Regular expressions (multiple match problem)

Discussion in 'C Programming' started by mikko.n, Apr 2, 2008.

  1. mikko.n

    mikko.n Guest

    I have recently been experimenting with GNU C library regular
    expression functions and noticed a problem with pattern matching. It
    seems to recognize only the first match but ignoring the rest of them.
    An example:

    mikko.c:
    -----

    #include <stdio.h>
    #include <regex.h>
    #include <sys/types.h>

    int main(int argc, char *argv[]) {
    regex_t p;
    regmatch_t pm[2];
    regcomp(&p,"k",0);
    regexec(&p,"mikko",2,pm,0);
    printf("start=%d end=%d\n",pm[0].rm_so,pm[0].rm_eo);
    printf("start=%d end=%d\n",pm[1].rm_so,pm[1].rm_eo);
    regfree(&p);
    return 0;
    }

    -----

    This intends to match regular expression 'k' against string 'mikko'
    and return start and end of two first matches in the array pm of
    regmatch_t:s.
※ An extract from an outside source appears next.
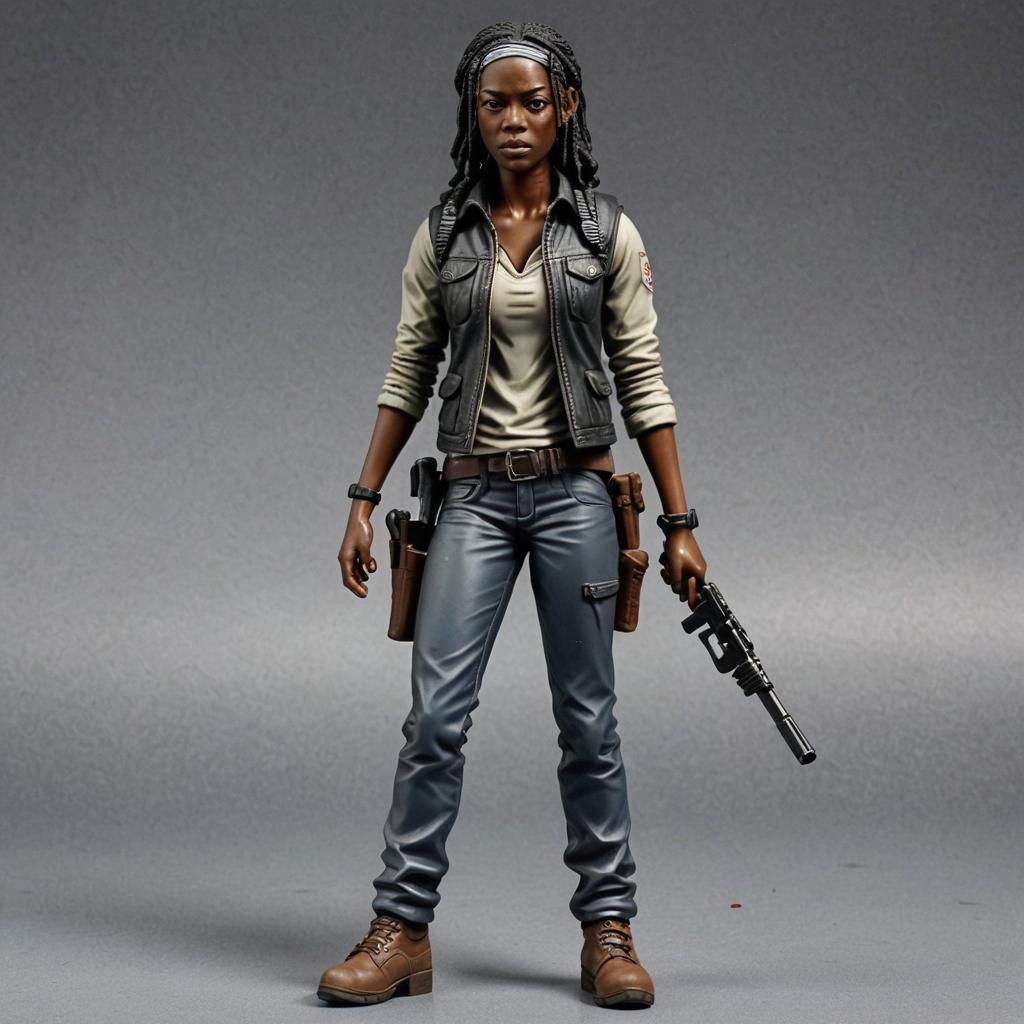 Michonne Action Figure Digital Art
The output is, however:

    $ ./mikko
    start=2 end=3
    start=-1 end=-1

    instead of the expected

    start=2 end=3
    start=3 end=4

    Is this a bug in GNU library or have I overlooked something? I have
    not found any examples from the Internet of multiple subexpression
    matching with <regex.h> either.
    With more complicated regular expressions it usually seems to return
    only the first match as here, but with wildcards the largest match,
    nevertheless only one of them.

    Thanks,

    Mikko Nummelin
    mikko.n, Apr 2, 2008
    #1
    1. Advertising

  2. In article <>,
    mikko.n <> wrote:
    >I have recently been experimenting with GNU C library regular
    >expression functions and noticed a problem with pattern matching.


    Then you should ask in a GNU newsgroup. Regular expressions are
    not part of the C standard, so the proper usage of
    any particular regular expression library should be discussed
    in the appropriate forum for that library.
    --
    "They called it golf because all the other four letter words
    were taken." -- Walter Hagen
    Walter Roberson, Apr 2, 2008
    #2
    1. Advertising

  3. On 2 Apr 2008 at 6:20, mikko.n wrote:
    > I have recently been experimenting with GNU C library regular
    > expression functions and noticed a problem with pattern matching. It
    > seems to recognize only the first match but ignoring the rest of them.
    > An example:
    >
    > mikko.c:
    > -----
    >
    > #include <stdio.h>
    > #include <regex.h>
    > #include <sys/types.h>
    >
    > int main(int argc, char *argv[]) {
    > regex_t p;
    > regmatch_t pm[2];
    > regcomp(&p,"k",0);
    > regexec(&p,"mikko",2,pm,0);
    > printf("start=%d end=%d\n",pm[0].rm_so,pm[0].rm_eo);
    > printf("start=%d end=%d\n",pm[1].rm_so,pm[1].rm_eo);
    > regfree(&p);
    > return 0;
    > }
    >
    > -----
    >
    > This intends to match regular expression 'k' against string 'mikko'
    > and return start and end of two first matches in the array pm of
    > regmatch_t:s. The output is, however:
    >
    > $ ./mikko
    > start=2 end=3
    > start=-1 end=-1
    >
    > instead of the expected
    >
    > start=2 end=3
    > start=3 end=4
    >
    > Is this a bug in GNU library or have I overlooked something? I have
    > not found any examples from the Internet of multiple subexpression
    > matching with <regex.h> either.
    > With more complicated regular expressions it usually seems to return
    > only the first match as here, but with wildcards the largest match,
    > nevertheless only one of them.


    The problem is that you misunderstand what a match is.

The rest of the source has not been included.